EXERCISE: Could you retype the entries below exactly, omitting every picture?

*****

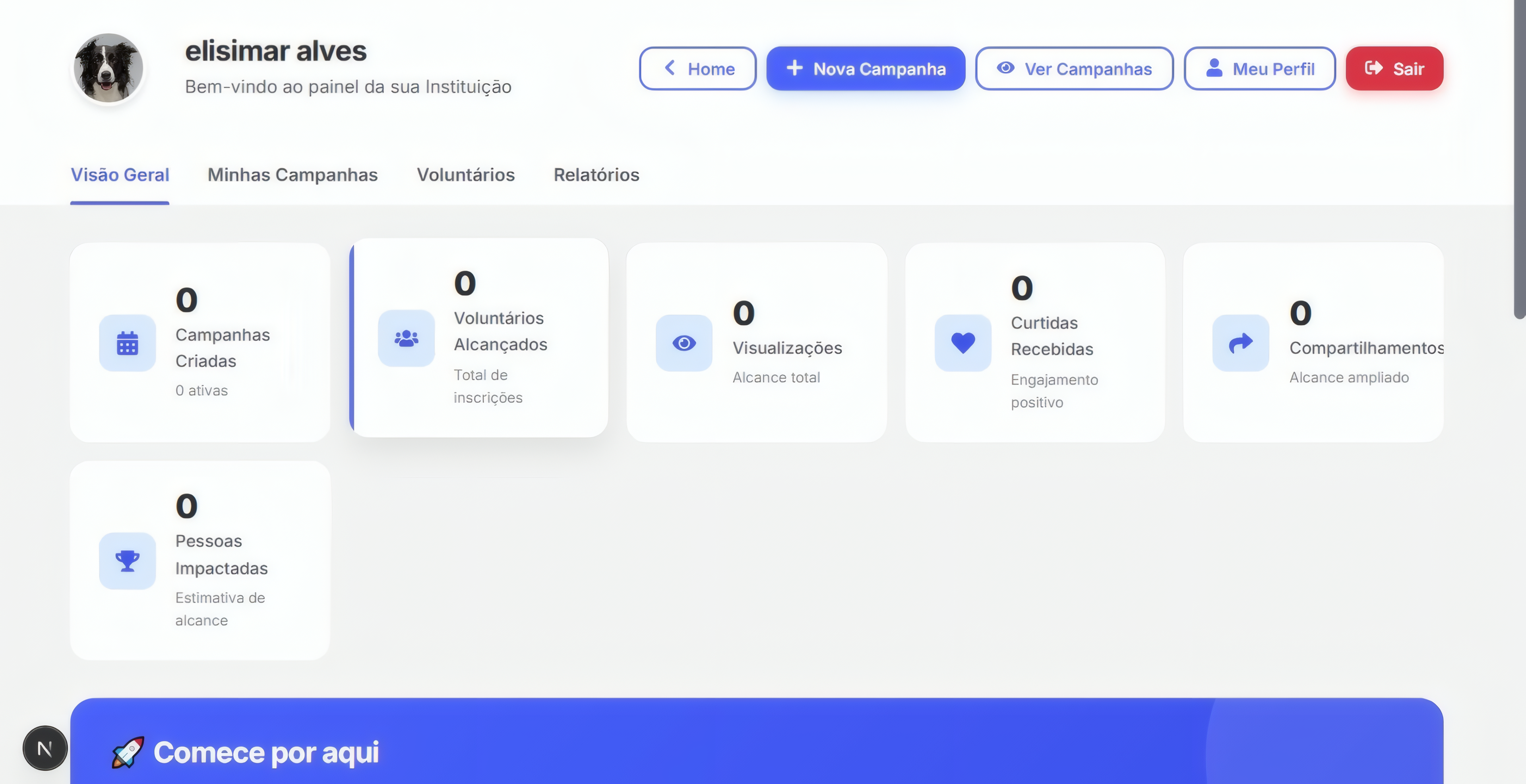 Dashboard da Instituição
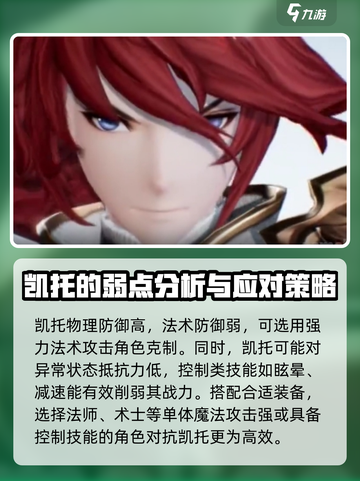 剑与骑士团凯托怎么打介绍截图3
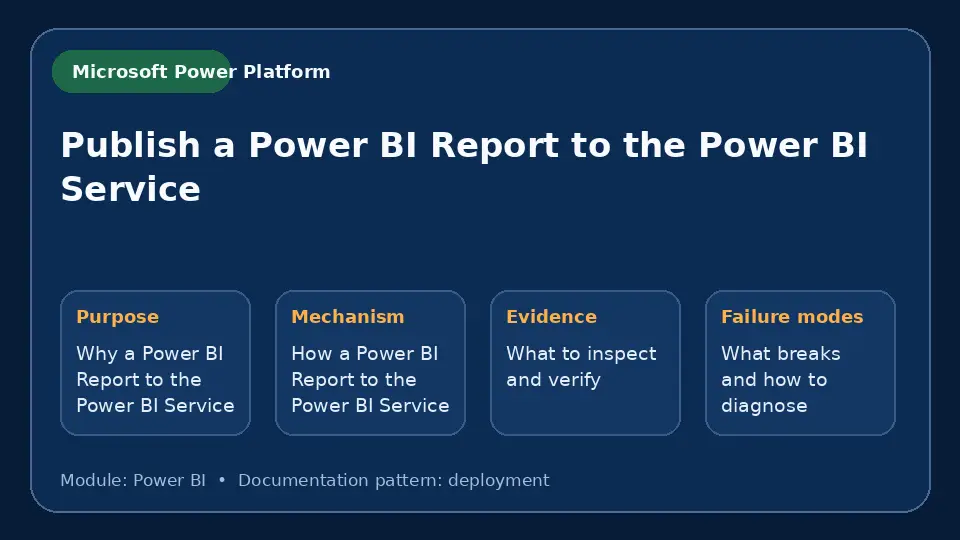 Concept map for Publish a Power BI Report to the Power BI Service showing purpose, mechanism, verification evidence and failure modes.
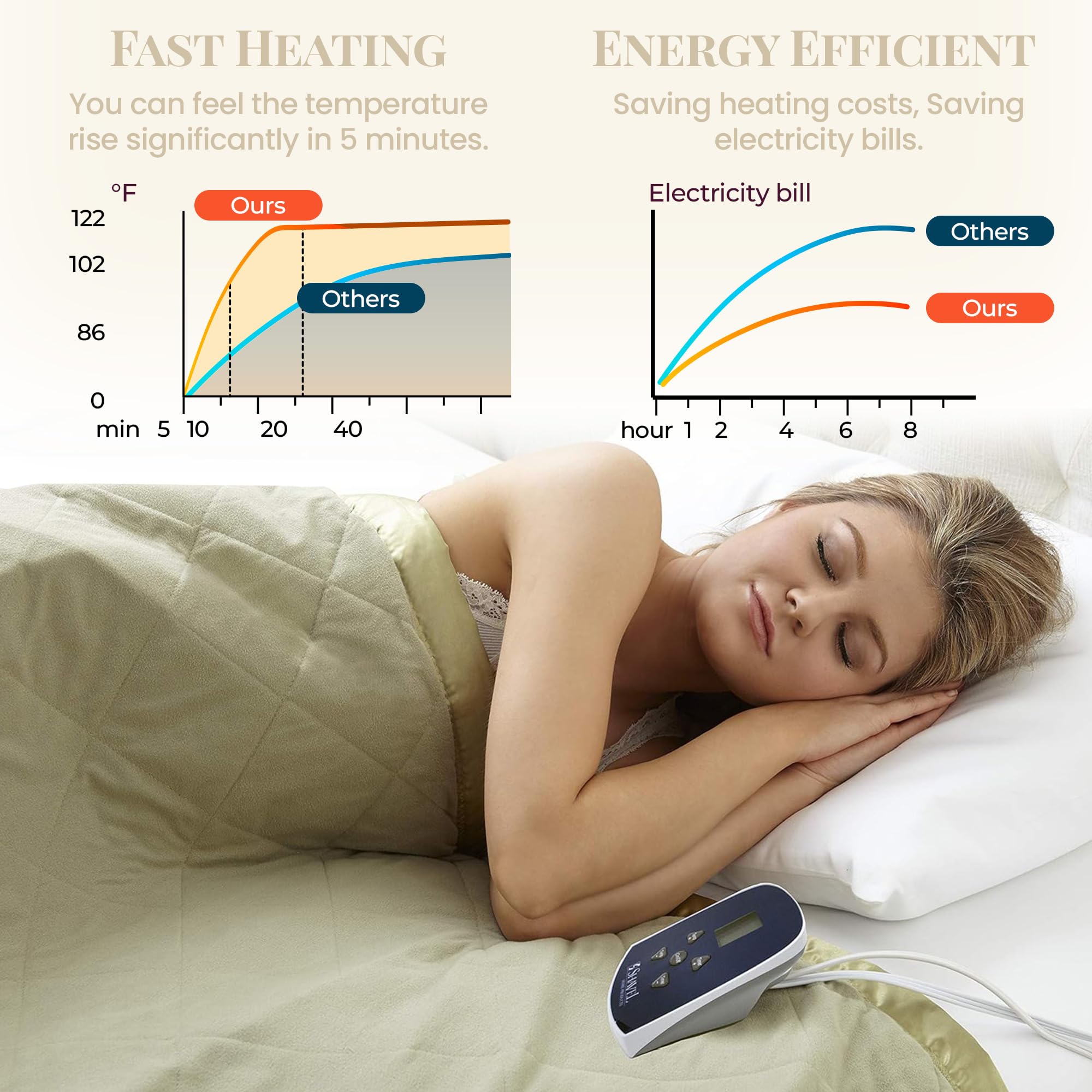 Premium Thermee Micro Flannel Heated Blanket Queen Size - 10 Heat Settings, Programmable Electric Warming Blanket, Ultra-Soft Fast Heating Throw for Home & Office Use - Perfect for Winter Nights, Cozy Lounging & Gift Giving - Tan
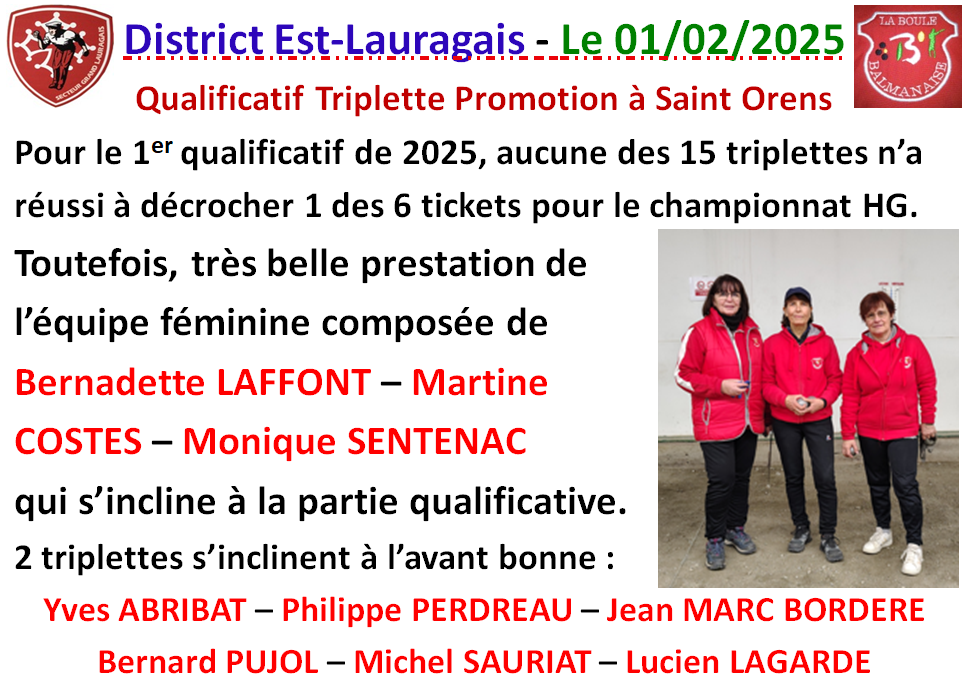 Qualificatif T Promotion à Saint Orens 01/02/25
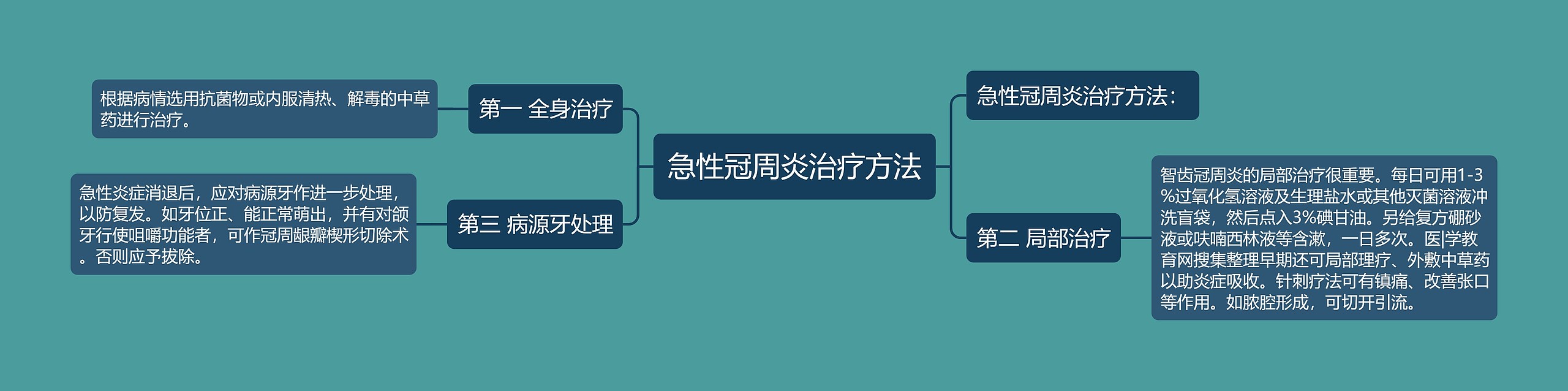 急性冠周炎治疗方法思维导图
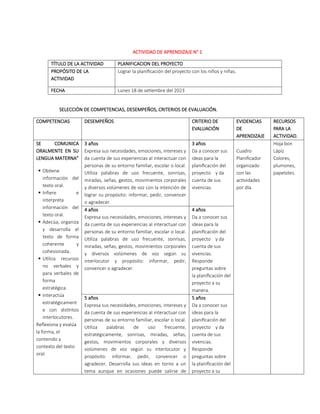 ACTIVIDAD DE APRENDIZAJE N° 1
TÍTULO DE LA ACTIVIDAD PLANIFICACION DEL PROYECTO
PROPÓSITO DE LA
ACTIVIDAD
Lograr la planificación del proyecto con los niños y niñas.
FECHA Lunes 18 de setiembre del 2023
SELECCIÓN DE COMPETENCIAS, DESEMPEÑOS, CRITERIOS DE EVALUACIÓN.
COMPETENCIAS DESEMPEÑOS CRITERIO DE
EVALUACIÓN
EVIDENCIAS
DE
APRENDIZAJE
RECURSOS
PARA LA
ACTIVIDAD.
SE COMUNICA
ORALMENTE EN SU
LENGUA MATERNA”
 Obtiene
información del
texto oral.
 Infiere e
interpreta
información del
texto oral.
 Adecúa, organiza
y desarrolla el
texto de forma
coherente y
cohesionada.
 Utiliza recursos
no verbales y
para verbales de
forma
estratégica.
 Interactúa
estratégicament
e con distintos
interlocutores.
Reflexiona y evalúa
la forma, el
contenido y
contexto del texto
oral.
3 años
Expresa sus necesidades, emociones, intereses y
da cuenta de sus experiencias al interactuar con
personas de su entorno familiar, escolar o local.
Utiliza palabras de uso frecuente, sonrisas,
miradas, señas, gestos, movimientos corporales
y diversos volúmenes de voz con la intención de
lograr su propósito: informar, pedir, convencer
o agradecer.
3 años
Da a conocer sus
ideas para la
planificación del
proyecto y da
cuenta de sus
vivencias.
Cuadro
Planificador
organizado
con las
actividades
por día.
Hoja bon
Lápiz
Colores,
plumones,
papelotes.
4 años
Expresa sus necesidades, emociones, intereses y
da cuenta de sus experiencias al interactuar con
personas de su entorno familiar, escolar o local.
Utiliza palabras de uso frecuente, sonrisas,
miradas, señas, gestos, movimientos corporales
y diversos volúmenes de voz según su
interlocutor y propósito: informar, pedir,
convencer o agradecer.
4 años
Da a conocer sus
ideas para la
planificación del
proyecto y da
cuenta de sus
vivencias.
Responde
preguntas sobre
la planificación del
proyecto a su
manera.
5 años
Expresa sus necesidades, emociones, intereses y
da cuenta de sus experiencias al interactuar con
personas de su entorno familiar, escolar o local.
Utiliza palabras de uso frecuente,
estratégicamente, sonrisas, miradas, señas,
gestos, movimientos corporales y diversos
volúmenes de voz según su interlocutor y
propósito: informar, pedir, convencer o
agradecer. Desarrolla sus ideas en torno a un
tema aunque en ocasiones puede salirse de
5 años
Da a conocer sus
ideas para la
planificación del
proyecto y da
cuenta de sus
vivencias.
Responde
preguntas sobre
la planificación del
proyecto a su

*****

ANSWER SPACE:
 Dashboard da Instituição
 剑与骑士团凯托怎么打介绍截图3
 Concept map for Publish a Power BI Report to the Power BI Service showing purpose, mechanism, verification evidence and failure modes.
 Premium Thermee Micro Flannel Heated Blanket Queen Size - 10 Heat Settings, Programmable Electric Warming Blanket, Ultra-Soft Fast Heating Throw for Home & Office Use - Perfect for Winter Nights, Cozy Lounging & Gift Giving - Tan
 Qualificatif T Promotion à Saint Orens 01/02/25
 急性冠周炎治疗方法思维导图
 ACTIVIDAD DE APRENDIZAJE N° 1
TÍTULO DE LA ACTIVIDAD PLANIFICACION DEL PROYECTO
PROPÓSITO DE LA
ACTIVIDAD
Lograr la planificación del proyecto con los niños y niñas.
FECHA Lunes 18 de setiembre del 2023
SELECCIÓN DE COMPETENCIAS, DESEMPEÑOS, CRITERIOS DE EVALUACIÓN.
COMPETENCIAS DESEMPEÑOS CRITERIO DE
EVALUACIÓN
EVIDENCIAS
DE
APRENDIZAJE
RECURSOS
PARA LA
ACTIVIDAD.
SE COMUNICA
ORALMENTE EN SU
LENGUA MATERNA”
 Obtiene
información del
texto oral.
 Infiere e
interpreta
información del
texto oral.
 Adecúa, organiza
y desarrolla el
texto de forma
coherente y
cohesionada.
 Utiliza recursos
no verbales y
para verbales de
forma
estratégica.
 Interactúa
estratégicament
e con distintos
interlocutores.
Reflexiona y evalúa
la forma, el
contenido y
contexto del texto
oral.
3 años
Expresa sus necesidades, emociones, intereses y
da cuenta de sus experiencias al interactuar con
personas de su entorno familiar, escolar o local.
Utiliza palabras de uso frecuente, sonrisas,
miradas, señas, gestos, movimientos corporales
y diversos volúmenes de voz con la intención de
lograr su propósito: informar, pedir, convencer
o agradecer.
3 años
Da a conocer sus
ideas para la
planificación del
proyecto y da
cuenta de sus
vivencias.
Cuadro
Planificador
organizado
con las
actividades
por día.
Hoja bon
Lápiz
Colores,
plumones,
papelotes.
4 años
Expresa sus necesidades, emociones, intereses y
da cuenta de sus experiencias al interactuar con
personas de su entorno familiar, escolar o local.
Utiliza palabras de uso frecuente, sonrisas,
miradas, señas, gestos, movimientos corporales
y diversos volúmenes de voz según su
interlocutor y propósito: informar, pedir,
convencer o agradecer.
4 años
Da a conocer sus
ideas para la
planificación del
proyecto y da
cuenta de sus
vivencias.
Responde
preguntas sobre
la planificación del
proyecto a su
manera.
5 años
Expresa sus necesidades, emociones, intereses y
da cuenta de sus experiencias al interactuar con
personas de su entorno familiar, escolar o local.
Utiliza palabras de uso frecuente,
estratégicamente, sonrisas, miradas, señas,
gestos, movimientos corporales y diversos
volúmenes de voz según su interlocutor y
propósito: informar, pedir, convencer o
agradecer. Desarrolla sus ideas en torno a un
tema aunque en ocasiones puede salirse de
5 años
Da a conocer sus
ideas para la
planificación del
proyecto y da
cuenta de sus
vivencias.
Responde
preguntas sobre
la planificación del
proyecto a su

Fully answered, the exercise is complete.